Israeli-Swiss researchers make an unusual discovery - a star orbited by a `brown dwarf'
Two Israeli researchers working in conjunction with a Swiss team have discovered an unusual planetary system outside the solar system.
The Swiss team has been searching the skies using telescopes in France and Chile while the Israeli researchers, Professor Tsevi Mazeh and Dr. Shay Zucker of Tel Aviv University, handled the data analysis. A preliminary analysis of the light coming from one of the stars the team had been investigating, known as HD41004, indicated that the star had a nearby planet which made a complete orbit approximately every 30 hours. But according to Zucker, this seemed very suspicious, since no planet discovered hitherto orbits its star that quickly.
The two Israelis therefore performed further analysis of the star's light, using a new technique that they had developed. "Using this technique, we discovered that in truth, there were two stars," Zucker said. "The smaller star is orbited by a body called a `brown dwarf' - a body that is similar to a star, and larger than an ordinary planet. It was this [body] that was completing a revolution every 30 hours."
Additional observations and analyses, however, revealed that this system also contained a real planet that orbited the larger star. This planet completes one revolution approximately every 600 days.

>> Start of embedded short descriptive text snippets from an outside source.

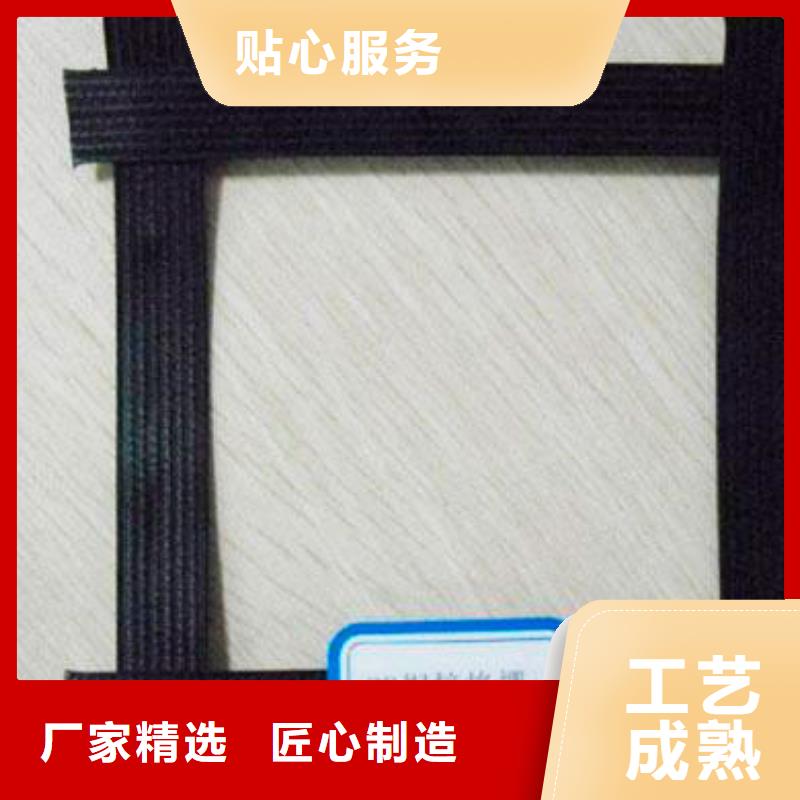 鋼塑土工格柵價格電話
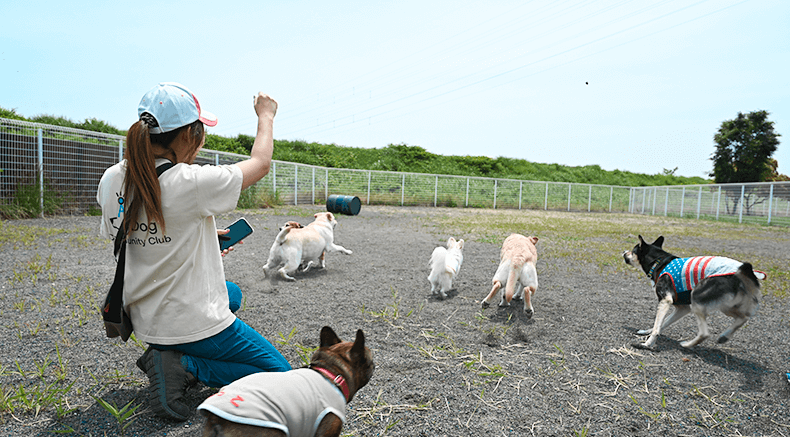 のびのびと走り回れる300坪の運動広場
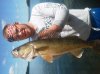 ForumRunner_20120625_131605.jpg
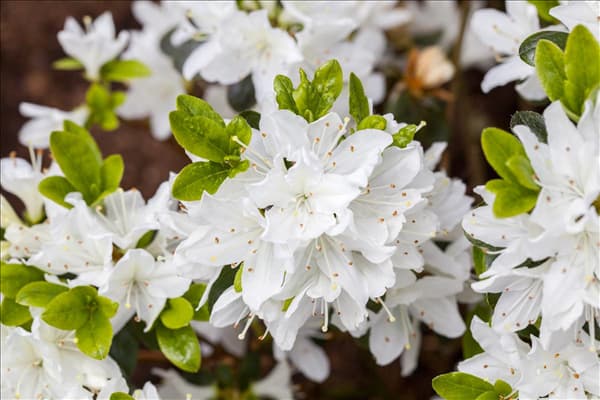 Rhododendron obtusum 'Kermesina Alba'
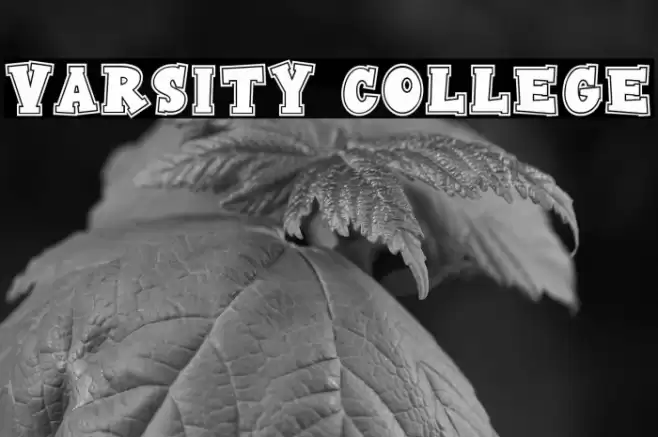 Varsity College 字体 examples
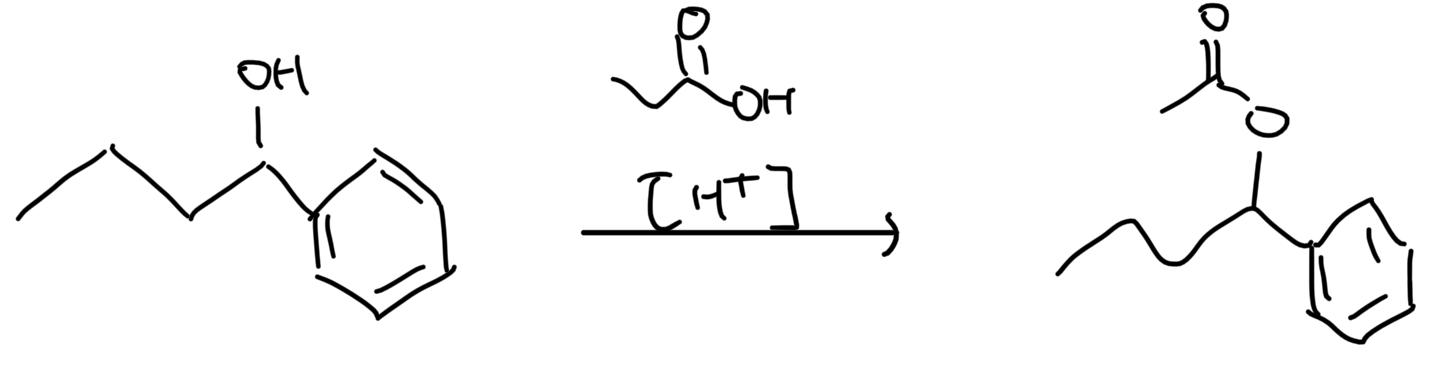 Solved What is the mechanism for the esterification of | Chegg.com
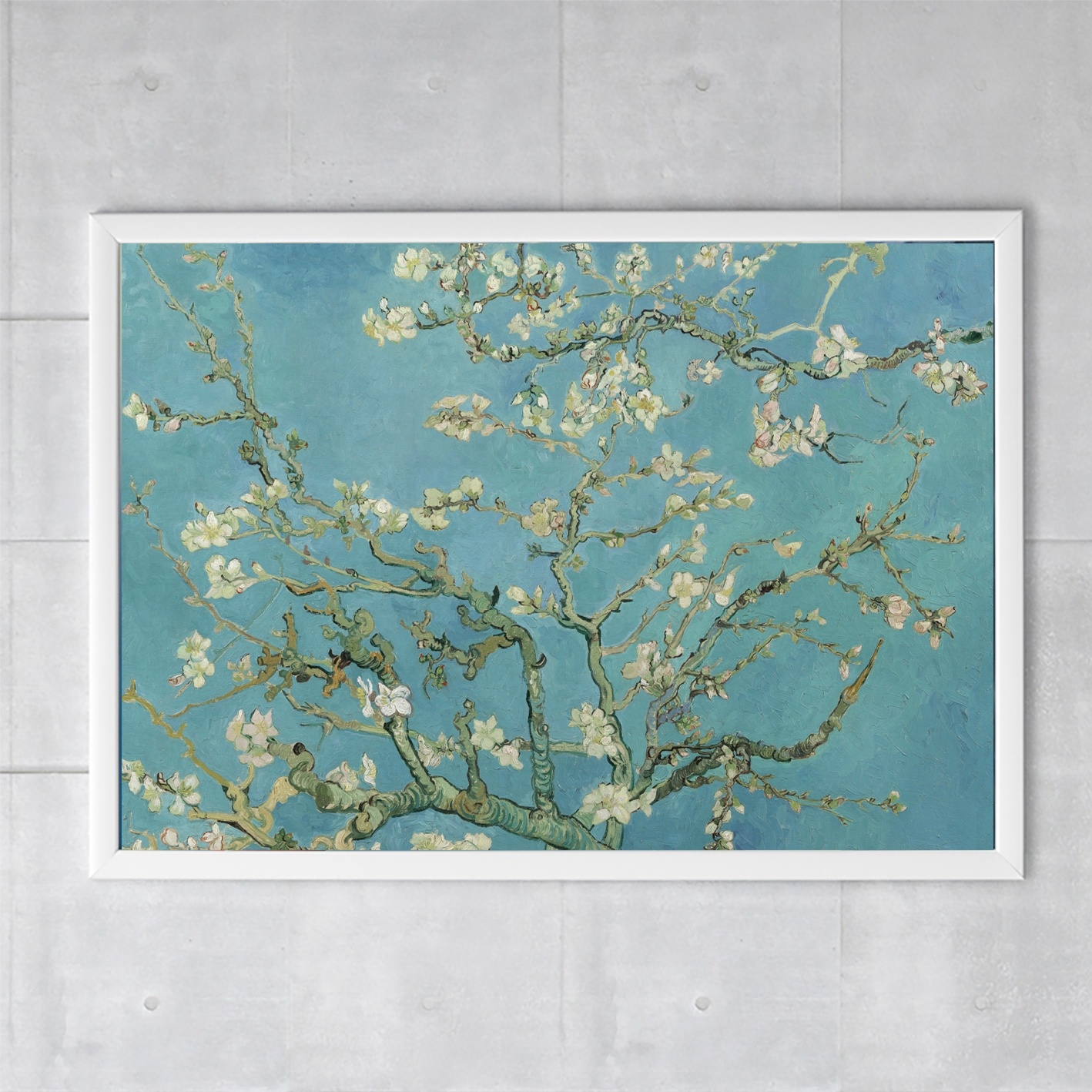 - Van Museum Gogh Webshop Museum-webshop Mandelblüte, Plakat, |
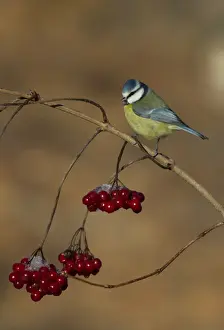 Snow Prints: Blue Tit Parus caerruleus on Guelder Rose Norfolk winter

Though the first planets outside the solar system were discovered only some 10 years ago, today about 100 are known. The HD41004 system, however, is the first system ever discovered that contains a double star, a brown dwarf and a planet. The existence of such a system may indicate that the birth process of double stars, planets and brown dwarfs are more closely related than had previously been thought, Zucker said.